### WHAT YOU WILL DO
Below are the records; tally the lines that include "Used" and report only the total.

### Extracted records

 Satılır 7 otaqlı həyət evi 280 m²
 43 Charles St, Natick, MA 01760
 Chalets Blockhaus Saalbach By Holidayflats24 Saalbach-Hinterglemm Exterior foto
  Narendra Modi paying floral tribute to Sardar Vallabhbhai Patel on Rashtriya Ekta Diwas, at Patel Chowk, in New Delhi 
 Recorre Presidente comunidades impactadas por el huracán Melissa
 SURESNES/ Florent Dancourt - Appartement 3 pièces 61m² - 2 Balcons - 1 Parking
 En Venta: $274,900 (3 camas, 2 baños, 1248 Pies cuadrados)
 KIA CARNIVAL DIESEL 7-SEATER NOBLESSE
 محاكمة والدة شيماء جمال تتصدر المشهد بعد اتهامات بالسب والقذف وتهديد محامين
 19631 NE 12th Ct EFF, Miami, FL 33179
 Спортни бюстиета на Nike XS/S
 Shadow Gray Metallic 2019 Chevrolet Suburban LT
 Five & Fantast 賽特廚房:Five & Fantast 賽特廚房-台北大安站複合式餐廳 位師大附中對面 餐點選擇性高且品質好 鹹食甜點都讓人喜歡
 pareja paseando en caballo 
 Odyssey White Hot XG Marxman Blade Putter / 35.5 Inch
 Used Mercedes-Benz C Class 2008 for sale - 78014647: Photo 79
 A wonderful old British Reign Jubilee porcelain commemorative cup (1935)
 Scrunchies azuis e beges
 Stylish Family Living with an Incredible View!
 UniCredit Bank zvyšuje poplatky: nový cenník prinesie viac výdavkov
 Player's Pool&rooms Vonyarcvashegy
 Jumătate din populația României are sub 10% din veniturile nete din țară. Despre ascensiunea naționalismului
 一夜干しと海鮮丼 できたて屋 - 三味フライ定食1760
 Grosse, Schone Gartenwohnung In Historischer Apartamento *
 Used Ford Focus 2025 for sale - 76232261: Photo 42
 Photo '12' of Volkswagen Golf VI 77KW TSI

### TASK OUTPUT
2